This book is based on the results of my PhD research. It introduces and then deals with the use of MIP, the Metaphor Identification Procedure, in some detail. I show how to apply MIP and discuss some of my solutions to some problems that arose in its use.
Excerpt:
The book is an introduction to MIP, the Metaphor Identification Procedure described by the Pragglejaz Group (2007). The name of the Pragglejaz Group derives from the first letter of the first names of the ten original members of the group who devised MIP: Peter Crisp, Ray Gibbs, Alan Cienki, Graham Low, Gerard Steen, Lynne Cameron, Elena Semino, Joe Grady, Alice Deignan, and Zoltan Kövecses. MIP is the result of a project co-sponsored by the Netherlands Organization for Scientific Research (NWO) and the British Academy which involved the development of a reliable procedure for finding metaphorically used words in natural discourse. The work was carried out at the Vrije Universiteit (Free University), Amsterdam, The Netherlands.
MIP works by comparing the contextual meaning of a word in the text being examined with its meaning as found in a dictionary. If the contextual and dictionary meanings do not corrrespond then the word is used metaphorically. In other words, if the literal meaning given in the dictionary corresponds with the meaning in the text being examined then the word is used literally and not metaphorically.
In using MIP I have developed ways of dealing with some of the problems I found. These problems include which dictionary to use, or how many; some of the words found have some metaphor-like qualities that need to be thought through; then there are the implications that MIP can be used either quantitatively or qualitatively, by providing data useable in either of those ways; and so on.
In resolving these problems I believe that I have developed MIP into a very strong tool for providing a reliable, valid and rigorous result, and also one that can be used for quantitative and qualitative analysis.

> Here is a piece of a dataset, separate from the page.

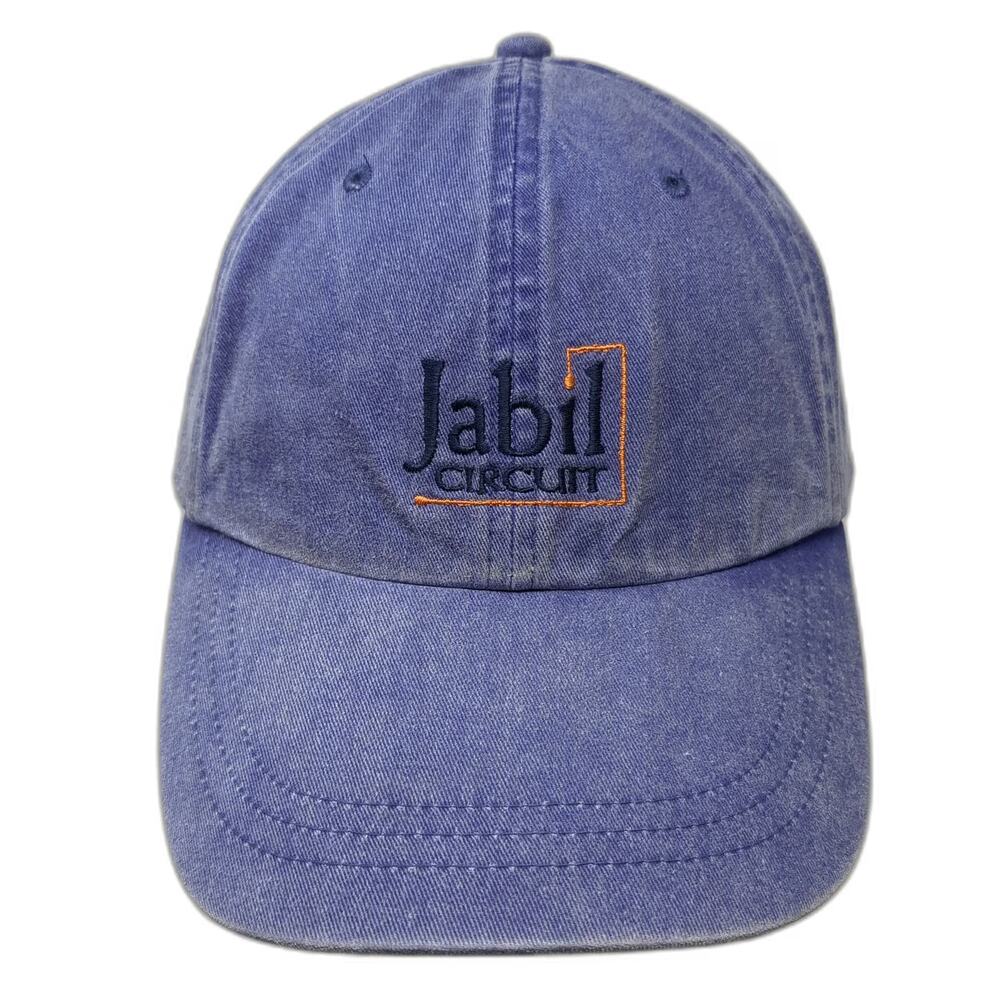 Adams Baseball Cap Blue One Size Leather Slideback Jabil Circuit Embroidered Hat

I discuss these implications in the following chapters where I also use the data from a survey of PhD students to illustrate them. The students were asked to discuss their PhD work, from which I have extracted their conceptions of research, their conceptions of the self in research, conceptions of knowledge and conceptions of the PhD itself. Some of these conceptions are also discussed, where they add a suitable context, in the following chapters.